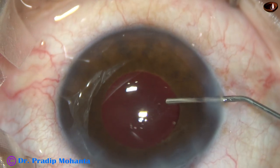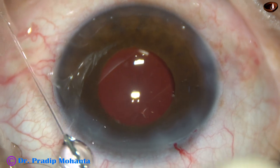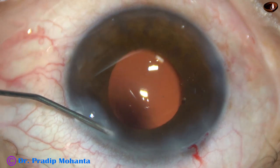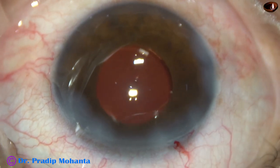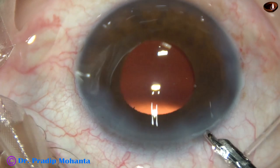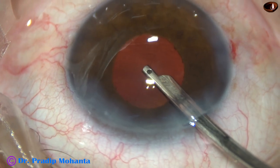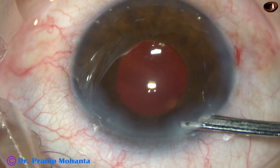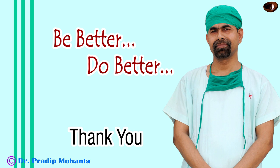Now this is a bit of moxifloxacin. The side ports are closed by corneal stromal hydration — BSS is injected into the stroma towards the limbal side of the side ports; in this way you can decrease the incidence of Descemet's membrane detachment. This is the final lavage of the anterior chamber. I do this in all cases and I believe that this decreases incidence of endophthalmitis. Thank you very much for your attention. I hope this video will help you in developing your surgical skills. Be a great surgeon and serve mankind with love, respect, empathy, and great surgical competence.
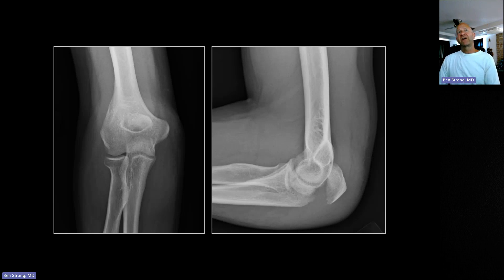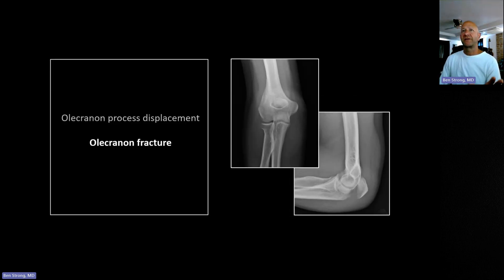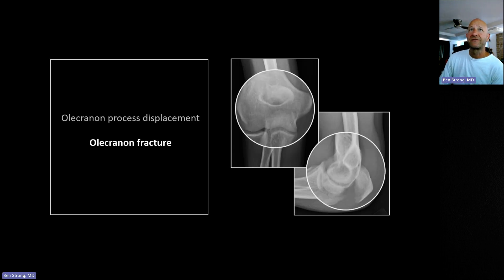Those are important findings because a lot of other elbow fractures can be really subtle, and that can be the only finding you see. On the frontal view you can see the olecranon sitting over the olecranon fossa of the distal humerus.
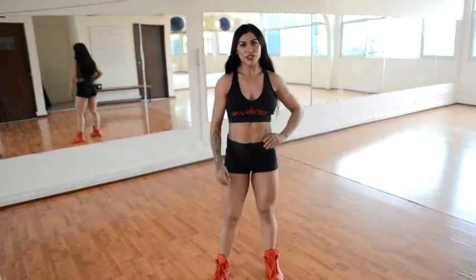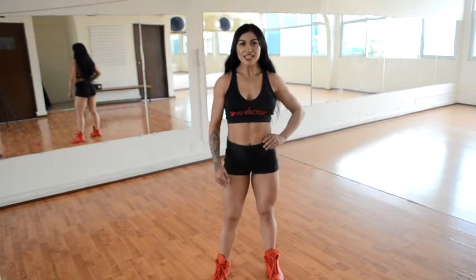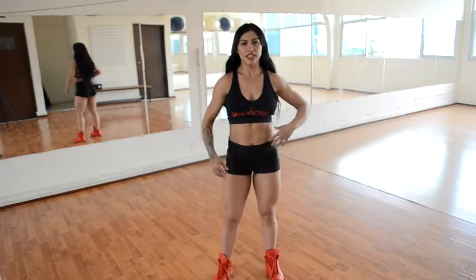My name is Edith González and I am going to talk about poses for athletes. We are going to show you what are the four exercises. Let's start with the poses of the front.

++++++++

• [Exercise requirements]:
Output the listing above in full, exactly. No images.

• [Written solution]:
Now this is a bit of moxifloxacin. The side ports are closed by corneal stromal hydration — BSS is injected into the stroma towards the limbal side of the side ports; in this way you can decrease the incidence of Descemet's membrane detachment. This is the final lavage of the anterior chamber. I do this in all cases and I believe that this decreases incidence of endophthalmitis. Thank you very much for your attention. I hope this video will help you in developing your surgical skills. Be a great surgeon and serve mankind with love, respect, empathy, and great surgical competence.
Those are important findings because a lot of other elbow fractures can be really subtle, and that can be the only finding you see. On the frontal view you can see the olecranon sitting over the olecranon fossa of the distal humerus.
My name is Edith González and I am going to talk about poses for athletes. We are going to show you what are the four exercises. Let's start with the poses of the front.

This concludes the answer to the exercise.